Pre-deadline jitters

With the trade deadline one week away, speculation seems to have cooled in the last few days. The calm before the storm? It would certainly appear that way. The league's 30 general managers have assembled in Naples, Florida ostensibly to discuss rule changes and other housekeeping issues. But with all that brass walking the same hallways and gravitating around the same buffet tables, all the focus will be on who's talking to who and about whom.

That being said, rumour junkies shouldn't be holding their breathe for a blockbuster deal to set off a domino effect, at least not this week. Speculation since this morning's announcement that Peter Forsberg won't be returning to the NHL this season has been that the first shoe has dropped and that a flurry of transactions is now on its way down the pipe.

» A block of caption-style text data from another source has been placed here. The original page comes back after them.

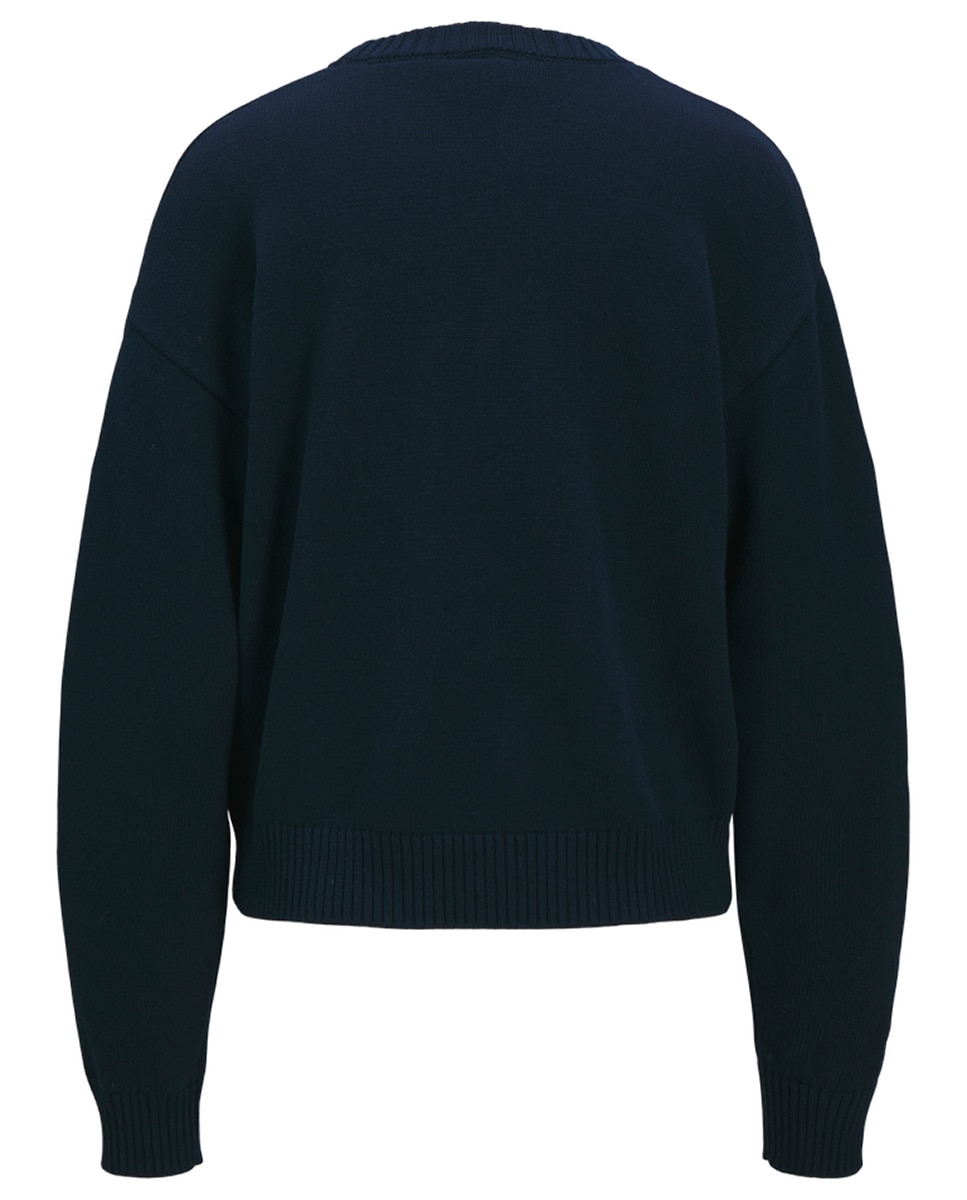 Camisola de malha Azul-marinho-6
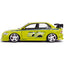Fast & Furious Brian's 2002 Mitsubishi Lancer Evolution VII 1:24 Scale Diecast Model Green by Jada 99788 diecasthappy.com
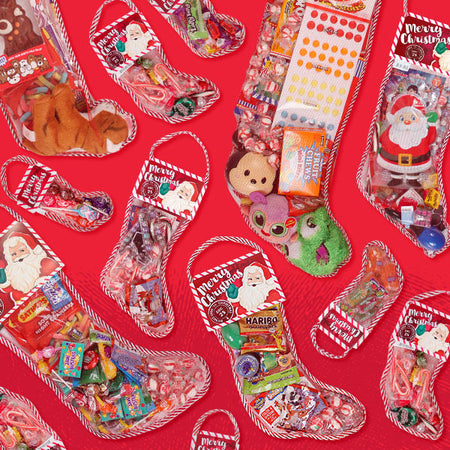 filled Christmas stockings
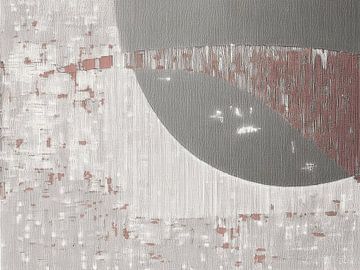 Design abstrait moderne. Structures dans des tons neutres et sereins sur Studio Pieternel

Sorry kids, general managers are smarter than that. The key principle to remember in all this is that the trade deadline crush is a seller's market. A quick look at the standings and the bulk of rumours already being floated over the last couple of weeks reveals there are five sellers and 17 to 20 buyers.

The sellers are teams who have little or no shot at making the playoffs and who have some marketable veteran talent to move. This would include Florida, Toronto, Tampa Bay, Atlanta and Los Angeles but not Edmonton or Chicago who are teams with strong cores but little in the way of attractive accessories.

The buyers, meanwhile, make up the rest of the league, minus a few teams who are looking to stand pat, likely because they like the direction the team is headed in but don't feel they are a move or two away from the cup or a pivotal playoff birth this year (Buffalo and St. Louis are prime examples of this).

The most elementary law of economics tells us that limited supply and overwhelming demand will always lead to high prices. Add a time constraint to that formula and you have a recipe for some serious gauging. The longer buyers in this scenario are made to wait, the more anxious they get that they may be the one left with no dance partner when the music stops.  Anxiety breeds desperation and suddenly you have GMs reaching (see Waddell - Tkachuk) which is exactly what sellers are waiting for.

Sundin, Prospal, Richards, Hossa and Jokinen: expect all or most of these names to move, but don't expect it until 48 hours or less before the deadline. And while you're at it, hope your favourite team's GM isn't moving for the wrong reasons, because this year's desperate buyer inevitably becomes next year's seller.